[TASK REQUIREMENTS] Please write out the entire listing below exactly, excluding its pictures.

[RECORDED INFORMATION]
Content starts

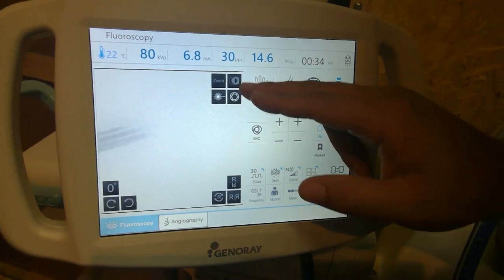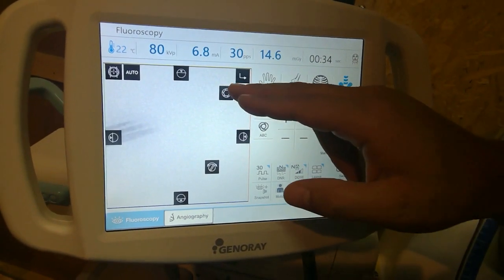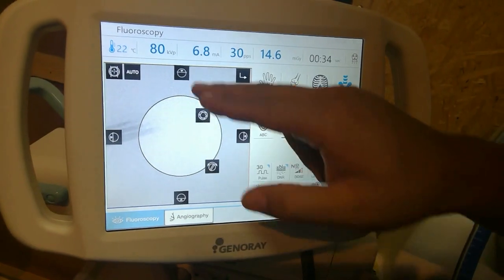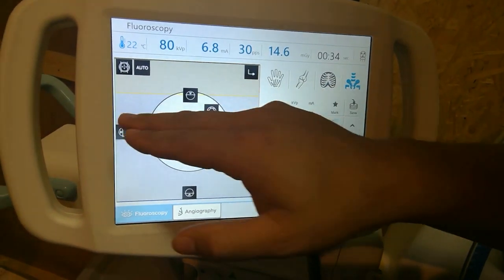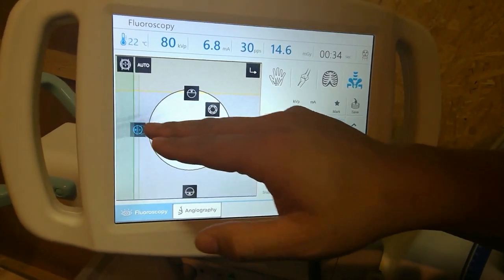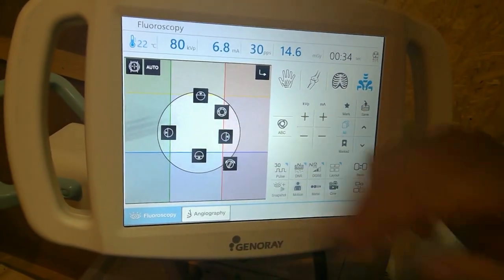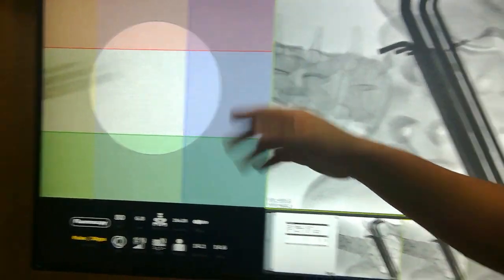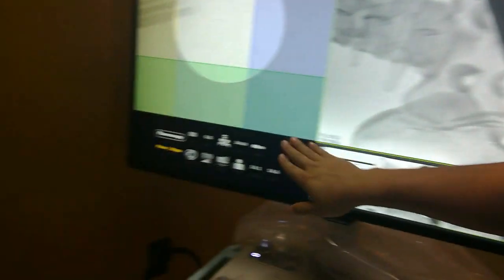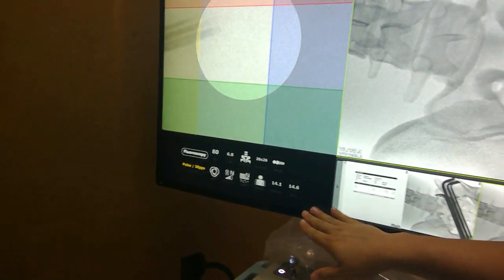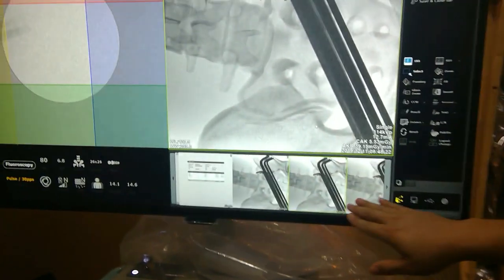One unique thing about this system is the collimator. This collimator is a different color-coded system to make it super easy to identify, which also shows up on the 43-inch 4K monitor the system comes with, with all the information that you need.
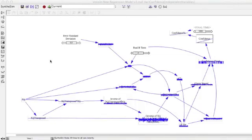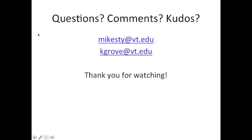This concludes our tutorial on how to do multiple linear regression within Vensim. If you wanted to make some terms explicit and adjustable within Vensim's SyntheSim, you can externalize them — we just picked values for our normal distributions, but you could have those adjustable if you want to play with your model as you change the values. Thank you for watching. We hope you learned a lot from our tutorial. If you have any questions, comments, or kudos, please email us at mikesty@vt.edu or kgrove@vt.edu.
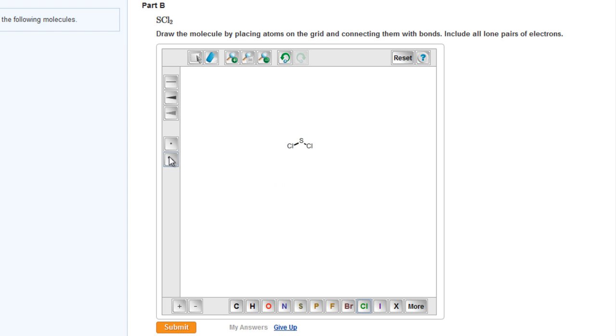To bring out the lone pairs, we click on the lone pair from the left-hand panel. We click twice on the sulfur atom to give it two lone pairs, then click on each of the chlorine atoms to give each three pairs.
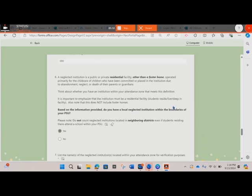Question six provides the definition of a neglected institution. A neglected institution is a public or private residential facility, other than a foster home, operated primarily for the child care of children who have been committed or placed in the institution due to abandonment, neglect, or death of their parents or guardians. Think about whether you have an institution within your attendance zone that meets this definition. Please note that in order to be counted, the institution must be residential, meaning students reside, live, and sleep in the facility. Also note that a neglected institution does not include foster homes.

Content ends

[EXPECTED OUTPUT]
One unique thing about this system is the collimator. This collimator is a different color-coded system to make it super easy to identify, which also shows up on the 43-inch 4K monitor the system comes with, with all the information that you need.
This concludes our tutorial on how to do multiple linear regression within Vensim. If you wanted to make some terms explicit and adjustable within Vensim's SyntheSim, you can externalize them — we just picked values for our normal distributions, but you could have those adjustable if you want to play with your model as you change the values. Thank you for watching. We hope you learned a lot from our tutorial. If you have any questions, comments, or kudos, please email us at mikesty@vt.edu or kgrove@vt.edu.
To bring out the lone pairs, we click on the lone pair from the left-hand panel. We click twice on the sulfur atom to give it two lone pairs, then click on each of the chlorine atoms to give each three pairs.
Question six provides the definition of a neglected institution. A neglected institution is a public or private residential facility, other than a foster home, operated primarily for the child care of children who have been committed or placed in the institution due to abandonment, neglect, or death of their parents or guardians. Think about whether you have an institution within your attendance zone that meets this definition. Please note that in order to be counted, the institution must be residential, meaning students reside, live, and sleep in the facility. Also note that a neglected institution does not include foster homes.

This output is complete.